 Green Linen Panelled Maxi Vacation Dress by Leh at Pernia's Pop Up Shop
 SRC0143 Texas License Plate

■ ■ ■ ■

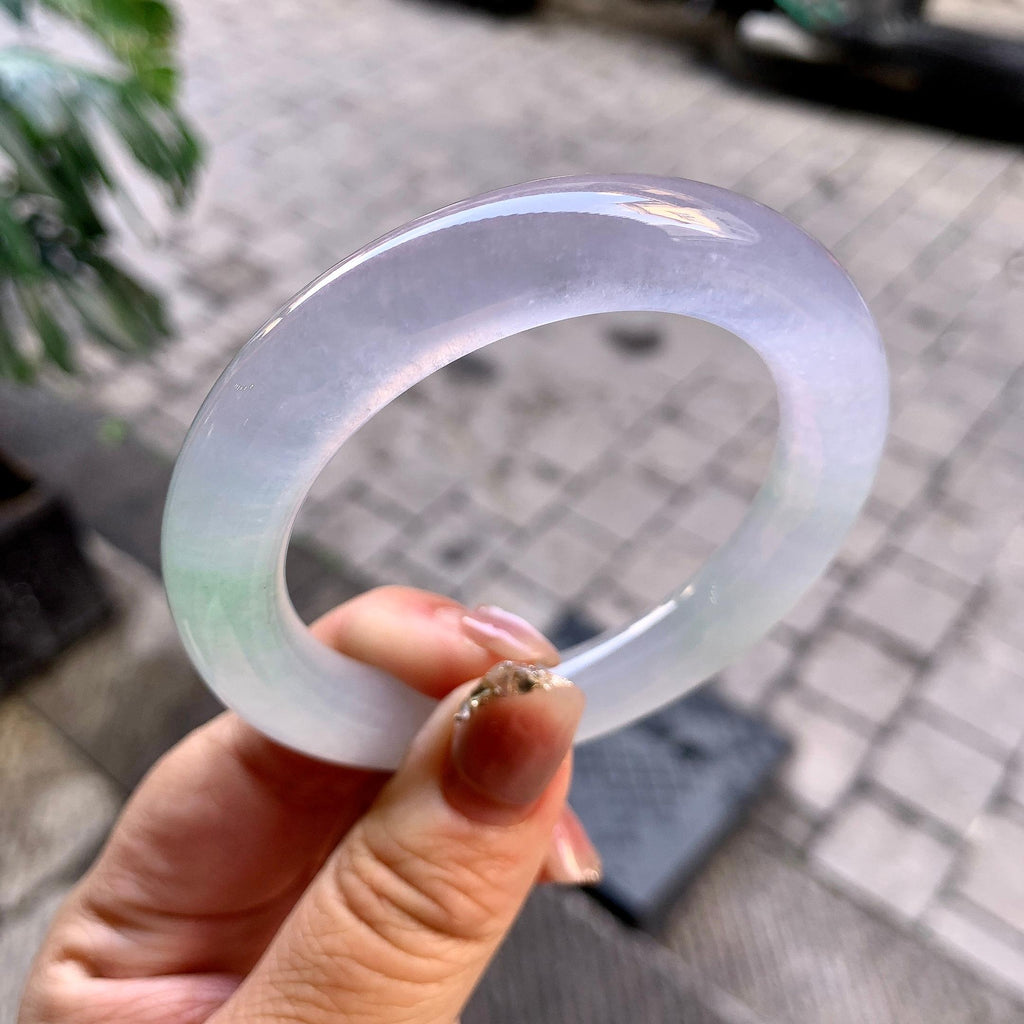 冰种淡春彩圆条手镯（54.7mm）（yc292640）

■ ■ ■ ■

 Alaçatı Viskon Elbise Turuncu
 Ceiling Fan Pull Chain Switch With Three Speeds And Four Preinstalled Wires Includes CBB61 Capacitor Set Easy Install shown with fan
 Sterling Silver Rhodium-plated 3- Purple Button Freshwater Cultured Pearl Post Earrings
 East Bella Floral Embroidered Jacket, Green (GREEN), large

■ ■ ■ ■

## EXERCISE PROMPT
Lines in the listing above that hold the string "Green" need counting. Please reply with the total only.

## PROBLEM SOLUTION
2